Subject: Re: pseudo-shadowing of passwords with ypserv?
To: Kevin P. Neal <email@example.com>
From: Ken Hornstein <firstname.lastname@example.org>
Date: 10/12/1998 01:27:18
>Hesiod (alongside Kerberos).
>Works at NCSU, handling over 50,000 user accounts. It piggybacks inside DNS.
>They've got systems running as realm clients on machines as diverse as
>SPARCstations, Dell NT boxes, Mac/PPC boxes, etc. It's pretty sweet.
The problem is the Hesiod distribution only comes with the Hesiod
library routines which replace getpw*; they don't tell you how to put
those routines _in your operating system_, which is the really tricky
Obviously, people have done this, but they either don't share their
work or it's in a non-obvious place. I spent a couple of days
looking at Hesiod, and this was the sticking point. I could have
spent the energy to shove it into shared C libraries on different
operating systems, but I already spent most of my energy getting
Kerberos everywhere, and it just didn't seem worth it. We're a
big Kerberos/AFS shop, but we still use YP.
A few other comments, as long as we're talking about Kerberos:
>Yep, but it at least does one thing well: authentication. It's not
>easy to administer, it's not terribly easy for users to understand,
>and it doesn't handle administrative information (GECOS info,
>username, UID, etc.), but at least it manages authentication well.
I don't quite understand what people mean by "users don't understand
Kerberos". Sure, they don't, but they don't understand 95% of the
things they use, and that generally doesn't stop them :-) For
example, they don't understand YP, but they use it just fine.

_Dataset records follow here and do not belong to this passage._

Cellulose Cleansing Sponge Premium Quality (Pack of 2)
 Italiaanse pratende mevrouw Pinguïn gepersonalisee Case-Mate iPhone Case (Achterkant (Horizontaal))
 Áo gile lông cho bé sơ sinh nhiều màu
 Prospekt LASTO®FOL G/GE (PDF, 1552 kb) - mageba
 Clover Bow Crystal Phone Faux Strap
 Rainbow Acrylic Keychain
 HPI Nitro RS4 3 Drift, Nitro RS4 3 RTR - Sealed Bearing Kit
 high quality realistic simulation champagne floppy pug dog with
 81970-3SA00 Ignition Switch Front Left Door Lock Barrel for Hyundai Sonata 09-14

In our environment you walk up to a workstation, type in your
password at the login prompt, and you don't have to type in your
password again for that day. You can use telnet, rlogin, rsh, ftp,
and they all work like you're used to ... except that you don't
have to type in your password again. Even our dumbest users don't
have a problem with this.
As for DCE ... I don't know of any DCE ports to NetBSD. It's a big
nasty mess, and I've been staying away from it. Especially since
it's lagging in important Kerberos developments, I don't think
it's very relevant nowadays.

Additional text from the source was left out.